On Saturday, Joe Biden said that if he is president, he would pull World Cup funding to U.S. Soccer unless the pay gap was equal.
“To @USWNT: don’t give up this fight. This is not over yet,” Biden wrote in a tweet. “To @ussoccer: equal pay, now. Or else when I’m president, you can go elsewhere for World Cup funding.”
Biden, who was vice president in the Barack Obama administration for eight years, is presumed to be the Democratic presidential nominee who will challenge Donald Trump for the White House this fall.
The U.S. women’s team swept their way to the World Cup title last year in dominating fashion, and the men’s team failed to make it to the World Cup tournament in 2018.
After the women’s team won the Cup in 2019, they gained a groundswell of support for “equal pay” as the athletes on the men’s team.
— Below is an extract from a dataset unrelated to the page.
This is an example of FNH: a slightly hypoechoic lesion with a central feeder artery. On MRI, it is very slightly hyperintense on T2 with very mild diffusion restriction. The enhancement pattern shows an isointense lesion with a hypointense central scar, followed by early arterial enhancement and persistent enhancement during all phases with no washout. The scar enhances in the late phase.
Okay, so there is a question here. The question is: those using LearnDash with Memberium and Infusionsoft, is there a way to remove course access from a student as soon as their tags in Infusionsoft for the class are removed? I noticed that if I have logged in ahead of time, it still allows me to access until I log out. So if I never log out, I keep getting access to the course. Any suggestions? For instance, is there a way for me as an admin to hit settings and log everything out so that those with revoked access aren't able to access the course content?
U.S. District Judge R. Gary Klausner wrote, in a 32-page decision, that contracts previously negotiated from the women’s team rejected the same pay structure as the men’s national team (MNT).
“The history of negotiations between the parties demonstrates that the WNT rejected an offer to be paid under the same pay-to-play structure as the MNT, and the WNT was willing to forgo higher bonuses for benefits, such as greter base compensation and the guarantee of a higher number of contracted players,” Klausner wrote.
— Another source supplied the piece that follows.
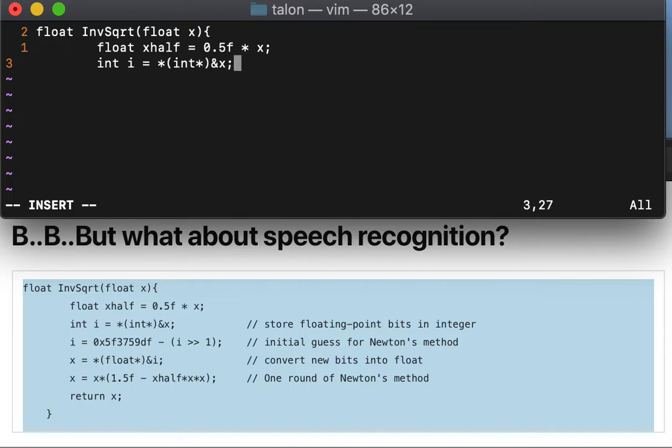Tab tab, comment see, store floating-point bits in integer, enter.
Even with consideration of the women’s team winning its World Cup and the men’s team not even qualifying for theirs, it did not factor into Klausner’s decision.
“Accordingly, plaintiffs cannot now retroactively deem their CBA [Collective Bargaining Agreement] worse than the MNT CBA by reference to what they would have made had they been paid under the MNT’s pay-to-play terms structure when they themselves rejected such a structure,” Klausner wrote.
U.S. women’s star Alex Morgan was at the forefront of the women’s team asking for more than $66 million in damages under the Equal Pay Act and Title VII of the Civil Rights Act of 1964.
Molly Levinson, a spokeswoman for players on the women’s national team, said her representatives should not be lessened by gender.
“We are shocked and disappointed with today’s decision, but we will not give up our hard work for equal pay,” Levinson said. “We are confident in our case and steadfast in our commitment to ensuring that girls and women who play this sport will not be valued as lesser just because of their gender.”
A trial is tentatively set for a federal court on June 16 in Los Angeles, but players have asked the 9th U.S. Circuit Court of Appeals to overturn Klausner’s decision. That could delay the trial even further.
“We have learned that there are tremendous obstacles to change; we know that it takes bravery and courage and perseverance to stand up to them,” Levinson said.